=== Begin Enclosure ===

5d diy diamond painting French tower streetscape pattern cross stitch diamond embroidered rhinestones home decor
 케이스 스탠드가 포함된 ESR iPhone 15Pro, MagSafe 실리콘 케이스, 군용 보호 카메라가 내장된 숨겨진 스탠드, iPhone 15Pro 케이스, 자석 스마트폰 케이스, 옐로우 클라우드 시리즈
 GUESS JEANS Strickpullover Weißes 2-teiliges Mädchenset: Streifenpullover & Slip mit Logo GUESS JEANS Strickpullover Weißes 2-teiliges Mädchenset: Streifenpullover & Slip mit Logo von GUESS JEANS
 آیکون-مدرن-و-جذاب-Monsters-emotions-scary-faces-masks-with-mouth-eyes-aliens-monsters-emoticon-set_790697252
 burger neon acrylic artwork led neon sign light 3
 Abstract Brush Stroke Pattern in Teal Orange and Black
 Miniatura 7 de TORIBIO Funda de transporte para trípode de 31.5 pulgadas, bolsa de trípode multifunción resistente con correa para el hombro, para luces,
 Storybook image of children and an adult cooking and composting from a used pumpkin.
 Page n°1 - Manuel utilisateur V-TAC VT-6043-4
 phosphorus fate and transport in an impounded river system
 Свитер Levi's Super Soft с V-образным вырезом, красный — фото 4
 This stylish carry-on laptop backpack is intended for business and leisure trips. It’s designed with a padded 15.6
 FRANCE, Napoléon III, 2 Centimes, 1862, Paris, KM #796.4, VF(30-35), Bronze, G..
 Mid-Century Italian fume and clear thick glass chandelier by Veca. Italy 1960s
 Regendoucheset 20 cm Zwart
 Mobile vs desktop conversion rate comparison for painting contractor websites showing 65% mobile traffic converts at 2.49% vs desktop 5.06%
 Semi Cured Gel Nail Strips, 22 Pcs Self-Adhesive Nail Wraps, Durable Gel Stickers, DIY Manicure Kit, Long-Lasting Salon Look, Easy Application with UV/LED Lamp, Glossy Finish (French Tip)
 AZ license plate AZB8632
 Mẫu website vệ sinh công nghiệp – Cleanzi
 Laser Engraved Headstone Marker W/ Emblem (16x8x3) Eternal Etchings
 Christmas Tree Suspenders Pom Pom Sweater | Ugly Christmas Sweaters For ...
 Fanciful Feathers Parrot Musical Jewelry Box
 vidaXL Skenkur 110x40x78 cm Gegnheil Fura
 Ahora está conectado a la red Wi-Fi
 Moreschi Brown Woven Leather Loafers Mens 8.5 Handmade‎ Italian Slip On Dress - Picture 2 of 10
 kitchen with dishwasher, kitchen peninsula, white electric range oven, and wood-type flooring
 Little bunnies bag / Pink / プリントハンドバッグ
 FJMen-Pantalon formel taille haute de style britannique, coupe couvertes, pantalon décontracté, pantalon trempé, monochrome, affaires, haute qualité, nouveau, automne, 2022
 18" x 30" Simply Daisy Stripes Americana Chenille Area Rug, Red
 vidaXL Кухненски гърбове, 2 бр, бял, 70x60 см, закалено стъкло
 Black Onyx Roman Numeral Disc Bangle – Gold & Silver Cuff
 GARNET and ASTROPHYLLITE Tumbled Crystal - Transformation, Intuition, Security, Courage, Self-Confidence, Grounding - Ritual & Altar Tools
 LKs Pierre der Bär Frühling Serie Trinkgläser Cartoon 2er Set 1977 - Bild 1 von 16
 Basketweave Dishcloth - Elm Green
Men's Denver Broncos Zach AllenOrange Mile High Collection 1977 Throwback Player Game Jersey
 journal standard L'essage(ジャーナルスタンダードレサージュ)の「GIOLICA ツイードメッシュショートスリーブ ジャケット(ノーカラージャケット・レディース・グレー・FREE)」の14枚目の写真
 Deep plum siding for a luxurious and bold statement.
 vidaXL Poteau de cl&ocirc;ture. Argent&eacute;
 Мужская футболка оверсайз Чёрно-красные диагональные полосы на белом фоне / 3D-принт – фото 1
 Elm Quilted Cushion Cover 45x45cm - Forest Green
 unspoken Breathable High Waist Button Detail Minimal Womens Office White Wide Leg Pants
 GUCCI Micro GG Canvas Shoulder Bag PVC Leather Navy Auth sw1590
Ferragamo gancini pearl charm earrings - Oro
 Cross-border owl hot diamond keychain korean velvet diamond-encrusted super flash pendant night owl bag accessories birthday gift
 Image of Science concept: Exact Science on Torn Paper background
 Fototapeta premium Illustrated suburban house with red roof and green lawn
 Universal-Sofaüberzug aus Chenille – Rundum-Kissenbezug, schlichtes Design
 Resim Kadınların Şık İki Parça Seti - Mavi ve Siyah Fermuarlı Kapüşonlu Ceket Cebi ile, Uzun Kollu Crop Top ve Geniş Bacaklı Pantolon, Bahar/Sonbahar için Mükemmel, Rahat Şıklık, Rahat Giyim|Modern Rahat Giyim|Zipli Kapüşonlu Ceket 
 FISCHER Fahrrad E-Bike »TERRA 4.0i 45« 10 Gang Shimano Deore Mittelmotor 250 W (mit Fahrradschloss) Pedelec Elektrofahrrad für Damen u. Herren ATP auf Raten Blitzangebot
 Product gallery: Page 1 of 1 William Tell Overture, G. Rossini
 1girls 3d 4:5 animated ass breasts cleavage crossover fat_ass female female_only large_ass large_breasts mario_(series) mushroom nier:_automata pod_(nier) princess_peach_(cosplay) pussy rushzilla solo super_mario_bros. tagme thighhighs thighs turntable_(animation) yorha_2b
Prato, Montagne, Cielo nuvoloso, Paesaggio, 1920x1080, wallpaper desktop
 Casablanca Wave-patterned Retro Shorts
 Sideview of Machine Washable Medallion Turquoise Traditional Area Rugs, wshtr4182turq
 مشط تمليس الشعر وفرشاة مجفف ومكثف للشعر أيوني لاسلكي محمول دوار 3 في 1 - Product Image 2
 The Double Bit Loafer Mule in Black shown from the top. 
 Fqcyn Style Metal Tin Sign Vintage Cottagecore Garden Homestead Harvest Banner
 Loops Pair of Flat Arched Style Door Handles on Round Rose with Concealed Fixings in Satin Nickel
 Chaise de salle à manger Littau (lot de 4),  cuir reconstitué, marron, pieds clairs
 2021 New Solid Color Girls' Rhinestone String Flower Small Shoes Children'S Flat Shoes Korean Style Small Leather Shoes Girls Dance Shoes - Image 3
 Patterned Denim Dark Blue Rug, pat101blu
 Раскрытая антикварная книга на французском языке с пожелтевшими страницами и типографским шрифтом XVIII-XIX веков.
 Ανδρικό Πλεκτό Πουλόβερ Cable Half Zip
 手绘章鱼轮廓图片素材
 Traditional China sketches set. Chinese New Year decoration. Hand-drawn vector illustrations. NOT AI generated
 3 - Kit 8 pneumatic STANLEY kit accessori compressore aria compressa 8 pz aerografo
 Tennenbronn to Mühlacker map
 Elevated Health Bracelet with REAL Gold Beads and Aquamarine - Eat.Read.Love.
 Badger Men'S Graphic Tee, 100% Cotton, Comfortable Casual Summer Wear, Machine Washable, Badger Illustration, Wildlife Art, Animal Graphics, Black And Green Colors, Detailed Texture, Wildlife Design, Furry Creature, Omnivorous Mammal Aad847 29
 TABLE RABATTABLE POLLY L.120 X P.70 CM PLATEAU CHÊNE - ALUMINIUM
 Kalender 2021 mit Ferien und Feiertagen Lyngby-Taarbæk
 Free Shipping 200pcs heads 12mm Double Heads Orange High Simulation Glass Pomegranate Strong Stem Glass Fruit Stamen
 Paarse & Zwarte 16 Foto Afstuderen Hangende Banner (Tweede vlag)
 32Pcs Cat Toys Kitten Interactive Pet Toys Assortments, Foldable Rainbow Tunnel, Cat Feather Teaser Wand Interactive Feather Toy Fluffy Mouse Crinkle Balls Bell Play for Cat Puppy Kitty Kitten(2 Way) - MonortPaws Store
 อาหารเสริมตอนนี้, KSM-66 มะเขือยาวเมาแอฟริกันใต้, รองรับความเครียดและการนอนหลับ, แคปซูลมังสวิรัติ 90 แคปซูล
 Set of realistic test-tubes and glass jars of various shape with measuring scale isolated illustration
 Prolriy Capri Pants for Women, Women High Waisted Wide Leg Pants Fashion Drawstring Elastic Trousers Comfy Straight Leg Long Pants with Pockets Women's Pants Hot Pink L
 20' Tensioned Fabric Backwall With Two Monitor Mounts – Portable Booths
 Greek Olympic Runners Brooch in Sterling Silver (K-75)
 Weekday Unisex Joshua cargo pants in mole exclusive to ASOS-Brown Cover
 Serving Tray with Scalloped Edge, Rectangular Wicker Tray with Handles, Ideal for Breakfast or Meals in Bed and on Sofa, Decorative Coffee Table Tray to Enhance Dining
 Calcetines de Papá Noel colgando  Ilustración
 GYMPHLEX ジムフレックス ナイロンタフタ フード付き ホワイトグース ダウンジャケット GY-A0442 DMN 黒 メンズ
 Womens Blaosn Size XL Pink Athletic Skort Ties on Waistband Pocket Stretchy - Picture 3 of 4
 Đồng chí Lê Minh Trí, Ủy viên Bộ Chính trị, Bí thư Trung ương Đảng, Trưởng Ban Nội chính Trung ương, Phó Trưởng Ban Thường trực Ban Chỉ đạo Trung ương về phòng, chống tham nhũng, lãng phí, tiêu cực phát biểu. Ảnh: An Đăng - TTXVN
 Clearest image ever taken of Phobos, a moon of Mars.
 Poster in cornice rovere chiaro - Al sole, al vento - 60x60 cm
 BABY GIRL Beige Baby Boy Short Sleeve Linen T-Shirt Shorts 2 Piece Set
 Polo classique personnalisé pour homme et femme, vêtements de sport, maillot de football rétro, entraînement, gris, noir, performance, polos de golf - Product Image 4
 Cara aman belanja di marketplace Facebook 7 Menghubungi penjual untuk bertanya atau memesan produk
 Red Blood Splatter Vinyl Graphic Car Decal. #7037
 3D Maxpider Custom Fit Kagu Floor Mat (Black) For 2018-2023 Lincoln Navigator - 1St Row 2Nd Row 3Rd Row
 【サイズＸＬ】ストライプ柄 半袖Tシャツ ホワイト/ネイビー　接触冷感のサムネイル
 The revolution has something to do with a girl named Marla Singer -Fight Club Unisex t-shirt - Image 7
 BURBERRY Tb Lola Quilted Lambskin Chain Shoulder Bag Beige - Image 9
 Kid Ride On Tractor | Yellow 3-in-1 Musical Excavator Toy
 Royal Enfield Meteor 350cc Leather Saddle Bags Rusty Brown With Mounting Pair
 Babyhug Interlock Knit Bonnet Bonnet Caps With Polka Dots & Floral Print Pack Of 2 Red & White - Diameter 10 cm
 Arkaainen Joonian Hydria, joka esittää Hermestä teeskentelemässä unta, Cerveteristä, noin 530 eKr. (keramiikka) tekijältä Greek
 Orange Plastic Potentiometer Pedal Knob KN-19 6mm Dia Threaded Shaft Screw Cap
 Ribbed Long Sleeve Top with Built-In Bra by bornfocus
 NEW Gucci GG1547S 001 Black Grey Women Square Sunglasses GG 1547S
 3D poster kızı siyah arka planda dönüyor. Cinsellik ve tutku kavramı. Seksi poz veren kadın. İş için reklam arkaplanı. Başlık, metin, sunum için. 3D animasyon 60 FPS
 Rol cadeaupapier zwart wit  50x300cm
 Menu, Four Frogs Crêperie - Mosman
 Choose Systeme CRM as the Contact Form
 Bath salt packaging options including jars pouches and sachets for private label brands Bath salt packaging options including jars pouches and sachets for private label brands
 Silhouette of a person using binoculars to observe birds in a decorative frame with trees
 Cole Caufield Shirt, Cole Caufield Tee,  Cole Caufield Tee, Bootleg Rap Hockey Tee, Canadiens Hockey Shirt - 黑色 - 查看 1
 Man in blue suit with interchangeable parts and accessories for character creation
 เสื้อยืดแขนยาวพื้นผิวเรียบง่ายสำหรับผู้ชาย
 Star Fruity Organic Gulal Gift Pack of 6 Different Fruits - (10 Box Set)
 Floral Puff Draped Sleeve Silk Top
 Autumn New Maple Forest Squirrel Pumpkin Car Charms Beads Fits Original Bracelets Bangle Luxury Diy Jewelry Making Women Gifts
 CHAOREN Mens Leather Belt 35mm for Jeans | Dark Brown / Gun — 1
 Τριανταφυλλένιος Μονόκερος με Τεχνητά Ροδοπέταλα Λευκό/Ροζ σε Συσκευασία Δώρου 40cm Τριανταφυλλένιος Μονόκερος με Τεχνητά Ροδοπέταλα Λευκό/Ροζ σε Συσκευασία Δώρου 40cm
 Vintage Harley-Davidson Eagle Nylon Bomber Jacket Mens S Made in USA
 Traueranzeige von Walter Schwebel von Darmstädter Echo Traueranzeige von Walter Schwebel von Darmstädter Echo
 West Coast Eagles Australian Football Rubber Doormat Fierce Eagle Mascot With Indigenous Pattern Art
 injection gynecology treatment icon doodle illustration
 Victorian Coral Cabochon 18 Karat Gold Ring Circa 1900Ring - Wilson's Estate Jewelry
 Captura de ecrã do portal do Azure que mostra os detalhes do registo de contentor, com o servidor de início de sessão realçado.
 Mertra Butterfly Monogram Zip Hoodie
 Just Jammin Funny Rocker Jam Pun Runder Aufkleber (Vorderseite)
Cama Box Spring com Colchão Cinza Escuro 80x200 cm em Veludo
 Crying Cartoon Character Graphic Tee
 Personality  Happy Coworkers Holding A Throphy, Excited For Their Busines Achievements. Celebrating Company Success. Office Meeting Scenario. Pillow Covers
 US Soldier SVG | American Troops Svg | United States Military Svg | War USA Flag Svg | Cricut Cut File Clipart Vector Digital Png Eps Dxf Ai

=== End Enclosure ===

• **ABOUT THIS TASK**:
Your task is to restate, word for word, only those lines above that fall between the line holding "Ανδρικό Πλεκτό Πουλόβερ Cable Half Zip" and the line holding "Tennenbronn to Mühlacker map", inclusive.

• **OUTPUT OF THE TASK**:
 Ανδρικό Πλεκτό Πουλόβερ Cable Half Zip
 手绘章鱼轮廓图片素材
 Traditional China sketches set. Chinese New Year decoration. Hand-drawn vector illustrations. NOT AI generated
 3 - Kit 8 pneumatic STANLEY kit accessori compressore aria compressa 8 pz aerografo
 Tennenbronn to Mühlacker map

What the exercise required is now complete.